Thomas Warner (Entdecker)
Sir Thomas Warner (* 1580; † 10. März 1649 auf St. Kitts) war ein britischer Kapitän in der Garde von Jakob I., der als Entdecker in der Karibik wirkte. 1620 war er zunächst Gouverneur der kurzlebigen englischen Kolonie von Oyapoc in Südamerika, die allerdings noch im selben Jahr aufgegeben wurde. Die Holländer kontrollierten den größten Teil dieses Territoriums.

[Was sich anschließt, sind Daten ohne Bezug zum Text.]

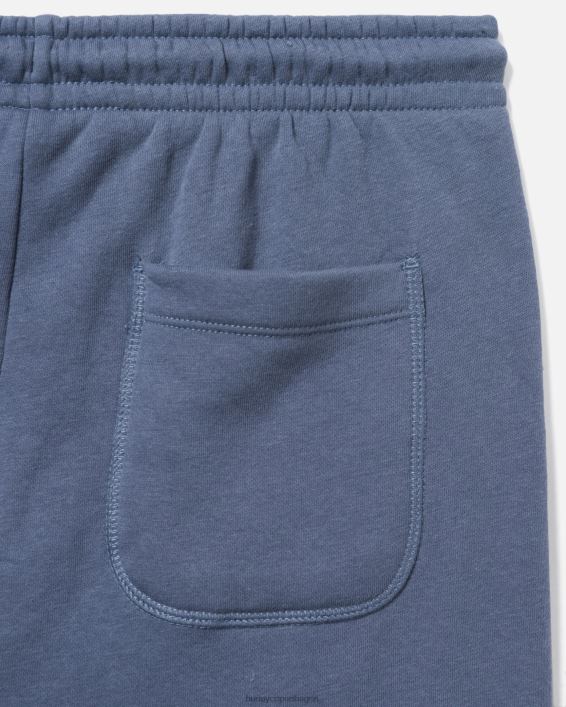 exist boxed logo bomuldsfleece short Mænd mørkeblå tøj Hurley D404N35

Warner war der erste, der Saint Kitts besiedelte und 1624 gründete er dort die erste englische Kolonie in der Karibik.
Leben
Jugend und Ausbildung
Warner wurde 1580 in Suffolk, England geboren. Er trat der Armee bereits in jungen Jahren bei und erhielt dort seine Ausbildung.
Militärische Laufbahn
Warner wurde Captain und nahm 1620 eine Stellung in den Kolonien an. Mit seiner Familie reiste er nach Oyapoc im heutigen Guyana. Dort diente er als Hauptmann unter dem Kommando von Roger North.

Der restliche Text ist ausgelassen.